In high-performance numerical and scientific computation the summation of products is a frequent task. The dot product is a basic operation in higher mathematical spaces such as vectors and matrices. In addition, an exact dot product operation  $s = a \cdot b = \sum_{i=1}^{n} a_i * b_i$  is an invaluable tool for verified solutions of numerical problems by means of enclosure methods. A uniform mathematical foundation of computer arithmetic and verifying algorithms has been developed by Kulisch [13].

Considering single floating-point operations, the result defined by the IEEE arithmetic standards [1, 2] is the best possible result. However, the composition of a dot product operation from elementary floating-point operations permits accumulation of rounding errors and catastrophic cancellation of leading digits. Cancellation of leading digits is inherent in iterative refinement and defect correction methods.

Using interval arithmetic and an accurate dot product which are available in scientific programming languages like PASCAL-XSC [8] or C-XSC [9], enclo-

sure algorithms have been developed for a variety of numerical problems [6, 12]. IEEE arithmetic supports the basic operations needed for interval arithmetic. This paper describes the design of a scalar product unit (SPU) providing an accurate dot product operation on a VLSI chip for use in standard microprocessor systems. The basic operation principle has been presented in [10].

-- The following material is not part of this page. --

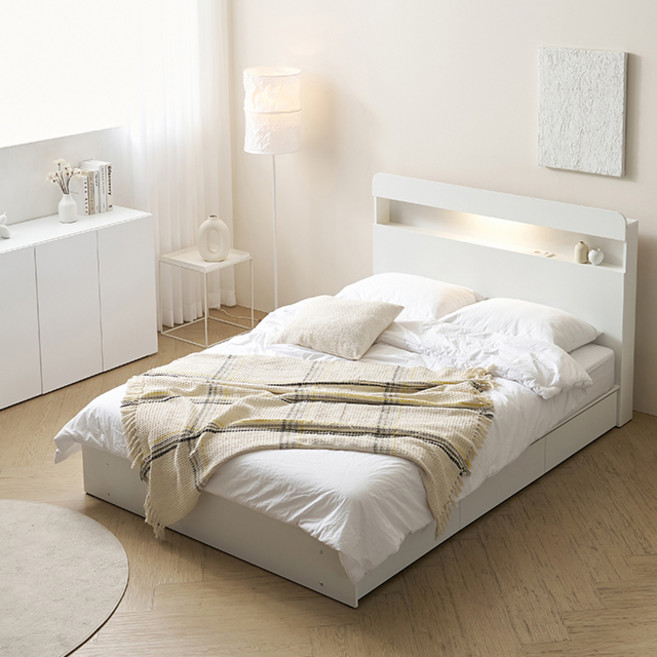 에브리가구 더나잇 LED 서랍 수납 침대 프레임 + 본넬 매트리스 세트 방문설치, 화이트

In PASCAL-XSC and C-XSC, dot product expressions are evaluated using a software library. The SPU has been projected to replace some of these software routines by fast hardware operations. One goal of the VLSI implementation was to achieve the same computational performance of the dot product computation as the i486 microprocessor using its IEEE floating-point instructions would have delivered. To fulfill the requirements of the standard 32 bit PCI bus [15], the chip operates at a clock rate of 33 MHz. This results in a peak performance of 6 MFLOPS. Furthermore, the design was guided by the requirement of a small gate count to make possible a cost-efficient semicustom VLSI implementation.

# 2 Dot product computation using a Long Accumulator

Many algorithms for the computation of an accurate dot product have been proposed in the past, but the easiest and most flexible algorithm for a hardware implementation is the Long Accumulator (LA). The LA is basically a fixed point register long enough that the entire dot product computation can be executed without error. To achieve this, the LA length must be  $L = k + 2e_{\max} + 2|e_{\min}| + 2l$  digits of the base b of the input floating-point format with mantissa length l and exponent range  $e_{\min}$  to  $e_{\max}$ . k additional digits are provided to catch intermediate overflows. After the accumulation, the exact dot product value in the LA is rounded once to the destination floating-point format using one of the four rounding modes described in the IEEE standard.

In the SPU implementation, the IEEE DOUBLE

<sup>&</sup>lt;sup>†</sup>The research and development project presented in this paper is supported by the Volkswagen-Stiftung, Hannover (Germany).



Figure 1: Long Accumulator with double length products



Figure 2: Accumulation and carry resolution

data format is used where l = 53 bits,  $e_{\min} = -1022$  and  $e_{\max} = 1023$ . Choosing k = 92 bits, the LA length becomes L = 4288 bits. This accumulator is represented in hardware by a  $67 \times 64$  bit dual ported RAM.

For a dot product computation, the products  $a_i *b_i$  are evaluated to double length, i.e. with 106 mantissabits, aligned to the LA according to their exponents and then added into the LA (fig. 1).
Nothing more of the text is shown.